WHAT THIS TASK INVOLVES: Please repeat the lines below exactly. Begin with the line containing "(N:29697) STIRIA E" and go on through the line containing "AUTUMN LANE Vastramaya".

*** Opening of DATA EXTRACTS ***

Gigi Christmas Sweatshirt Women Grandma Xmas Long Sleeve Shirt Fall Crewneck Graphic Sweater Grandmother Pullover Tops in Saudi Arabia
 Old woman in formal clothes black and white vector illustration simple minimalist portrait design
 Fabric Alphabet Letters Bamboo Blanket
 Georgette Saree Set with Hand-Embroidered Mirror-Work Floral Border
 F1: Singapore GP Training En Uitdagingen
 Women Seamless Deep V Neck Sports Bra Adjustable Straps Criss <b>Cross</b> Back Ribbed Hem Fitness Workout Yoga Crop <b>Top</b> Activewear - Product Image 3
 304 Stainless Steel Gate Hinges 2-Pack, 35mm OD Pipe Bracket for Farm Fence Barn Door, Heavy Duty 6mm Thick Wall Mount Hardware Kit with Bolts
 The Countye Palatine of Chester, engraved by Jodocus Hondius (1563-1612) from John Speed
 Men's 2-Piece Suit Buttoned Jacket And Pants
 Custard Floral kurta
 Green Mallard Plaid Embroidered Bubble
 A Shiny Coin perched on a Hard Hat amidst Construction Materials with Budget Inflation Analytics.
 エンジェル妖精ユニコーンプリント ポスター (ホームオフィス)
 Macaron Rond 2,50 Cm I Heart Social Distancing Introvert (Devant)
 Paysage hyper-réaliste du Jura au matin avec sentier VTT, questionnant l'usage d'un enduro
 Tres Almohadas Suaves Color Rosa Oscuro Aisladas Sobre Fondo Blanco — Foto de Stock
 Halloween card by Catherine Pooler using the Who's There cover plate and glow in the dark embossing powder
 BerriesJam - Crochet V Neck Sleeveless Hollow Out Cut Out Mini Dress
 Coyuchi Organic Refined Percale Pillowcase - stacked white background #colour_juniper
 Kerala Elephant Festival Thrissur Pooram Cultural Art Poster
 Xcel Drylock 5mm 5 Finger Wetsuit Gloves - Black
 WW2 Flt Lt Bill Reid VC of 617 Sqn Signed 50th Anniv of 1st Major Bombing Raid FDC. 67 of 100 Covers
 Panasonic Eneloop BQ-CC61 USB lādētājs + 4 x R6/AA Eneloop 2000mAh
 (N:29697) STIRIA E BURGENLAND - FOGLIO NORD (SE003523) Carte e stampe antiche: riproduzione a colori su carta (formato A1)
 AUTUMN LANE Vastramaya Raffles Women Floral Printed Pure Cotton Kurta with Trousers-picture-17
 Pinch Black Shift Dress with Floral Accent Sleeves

*** Close of DATA EXTRACTS ***

PROBLEM SOLUTION:
 (N:29697) STIRIA E BURGENLAND - FOGLIO NORD (SE003523) Carte e stampe antiche: riproduzione a colori su carta (formato A1)
 AUTUMN LANE Vastramaya Raffles Women Floral Printed Pure Cotton Kurta with Trousers-picture-17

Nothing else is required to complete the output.